— ASSIGNED TASK —
Report the count of lines with "Style" in the data below, and no other words.

— RECORDS PROVIDED —
• • • •

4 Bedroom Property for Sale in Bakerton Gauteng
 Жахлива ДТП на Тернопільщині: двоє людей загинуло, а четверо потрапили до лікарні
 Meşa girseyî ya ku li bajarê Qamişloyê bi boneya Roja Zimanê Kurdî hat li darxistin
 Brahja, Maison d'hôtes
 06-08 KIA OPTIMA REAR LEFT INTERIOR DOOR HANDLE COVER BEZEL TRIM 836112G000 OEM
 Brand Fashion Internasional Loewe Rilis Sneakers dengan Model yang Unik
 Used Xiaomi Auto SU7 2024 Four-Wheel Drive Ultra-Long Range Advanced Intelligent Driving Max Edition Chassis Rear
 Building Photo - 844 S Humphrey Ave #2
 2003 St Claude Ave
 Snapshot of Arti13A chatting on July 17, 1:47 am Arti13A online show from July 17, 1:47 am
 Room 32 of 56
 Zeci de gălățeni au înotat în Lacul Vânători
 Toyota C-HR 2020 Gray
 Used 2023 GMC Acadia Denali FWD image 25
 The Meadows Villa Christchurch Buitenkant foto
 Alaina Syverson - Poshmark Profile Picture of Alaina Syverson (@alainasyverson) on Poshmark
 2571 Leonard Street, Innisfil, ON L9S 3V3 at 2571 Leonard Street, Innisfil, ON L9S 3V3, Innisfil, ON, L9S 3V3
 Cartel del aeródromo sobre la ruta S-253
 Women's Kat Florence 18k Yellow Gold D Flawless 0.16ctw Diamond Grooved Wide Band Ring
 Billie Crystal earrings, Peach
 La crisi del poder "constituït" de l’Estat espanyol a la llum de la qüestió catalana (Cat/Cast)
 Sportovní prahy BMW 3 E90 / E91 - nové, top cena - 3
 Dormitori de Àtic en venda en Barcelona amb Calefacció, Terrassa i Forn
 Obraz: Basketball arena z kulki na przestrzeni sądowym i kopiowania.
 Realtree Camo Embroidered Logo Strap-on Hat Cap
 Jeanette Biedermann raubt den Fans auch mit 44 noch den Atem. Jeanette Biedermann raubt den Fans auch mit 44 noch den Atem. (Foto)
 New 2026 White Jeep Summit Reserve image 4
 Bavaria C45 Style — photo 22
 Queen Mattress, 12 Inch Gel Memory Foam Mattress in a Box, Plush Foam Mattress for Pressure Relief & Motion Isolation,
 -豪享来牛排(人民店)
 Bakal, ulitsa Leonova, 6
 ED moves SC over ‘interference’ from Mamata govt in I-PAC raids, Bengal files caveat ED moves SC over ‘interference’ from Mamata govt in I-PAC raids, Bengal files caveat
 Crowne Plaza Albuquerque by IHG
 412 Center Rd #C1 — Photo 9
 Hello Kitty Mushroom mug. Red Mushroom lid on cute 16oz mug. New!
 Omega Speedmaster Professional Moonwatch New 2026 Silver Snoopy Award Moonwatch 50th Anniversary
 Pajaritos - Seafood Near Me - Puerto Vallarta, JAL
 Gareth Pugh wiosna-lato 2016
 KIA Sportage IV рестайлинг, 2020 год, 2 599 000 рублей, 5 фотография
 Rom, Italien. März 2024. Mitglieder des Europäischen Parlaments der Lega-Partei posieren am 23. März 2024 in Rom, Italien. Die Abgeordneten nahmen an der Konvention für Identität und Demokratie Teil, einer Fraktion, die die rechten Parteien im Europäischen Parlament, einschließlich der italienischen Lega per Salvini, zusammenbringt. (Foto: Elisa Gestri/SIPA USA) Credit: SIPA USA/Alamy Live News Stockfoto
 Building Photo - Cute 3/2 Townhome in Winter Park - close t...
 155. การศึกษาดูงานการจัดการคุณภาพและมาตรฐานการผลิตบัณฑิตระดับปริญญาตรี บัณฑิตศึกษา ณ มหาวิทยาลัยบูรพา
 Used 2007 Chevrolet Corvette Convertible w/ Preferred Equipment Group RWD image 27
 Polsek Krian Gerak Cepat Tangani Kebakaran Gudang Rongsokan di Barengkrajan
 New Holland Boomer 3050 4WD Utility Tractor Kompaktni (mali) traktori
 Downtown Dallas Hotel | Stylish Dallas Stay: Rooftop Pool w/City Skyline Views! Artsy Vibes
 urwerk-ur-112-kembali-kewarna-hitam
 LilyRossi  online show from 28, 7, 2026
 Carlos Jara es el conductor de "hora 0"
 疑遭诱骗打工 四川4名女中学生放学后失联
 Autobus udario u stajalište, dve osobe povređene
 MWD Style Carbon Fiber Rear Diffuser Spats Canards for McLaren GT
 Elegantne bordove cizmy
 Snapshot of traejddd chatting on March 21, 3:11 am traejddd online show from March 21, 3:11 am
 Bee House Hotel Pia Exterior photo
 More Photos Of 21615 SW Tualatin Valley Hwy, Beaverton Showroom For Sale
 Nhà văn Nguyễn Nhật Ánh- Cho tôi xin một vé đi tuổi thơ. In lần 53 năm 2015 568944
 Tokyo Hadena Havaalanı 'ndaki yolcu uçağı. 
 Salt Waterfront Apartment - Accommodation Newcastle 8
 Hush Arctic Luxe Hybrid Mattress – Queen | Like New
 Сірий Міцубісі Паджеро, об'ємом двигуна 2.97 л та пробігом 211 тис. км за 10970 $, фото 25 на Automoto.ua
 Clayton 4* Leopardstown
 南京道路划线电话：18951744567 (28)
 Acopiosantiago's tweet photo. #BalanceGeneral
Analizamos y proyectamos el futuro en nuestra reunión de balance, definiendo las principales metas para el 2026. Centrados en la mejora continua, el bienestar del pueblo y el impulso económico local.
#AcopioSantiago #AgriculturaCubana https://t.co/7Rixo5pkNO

• • • •

— OUTPUT FOR THIS EXERCISE —
2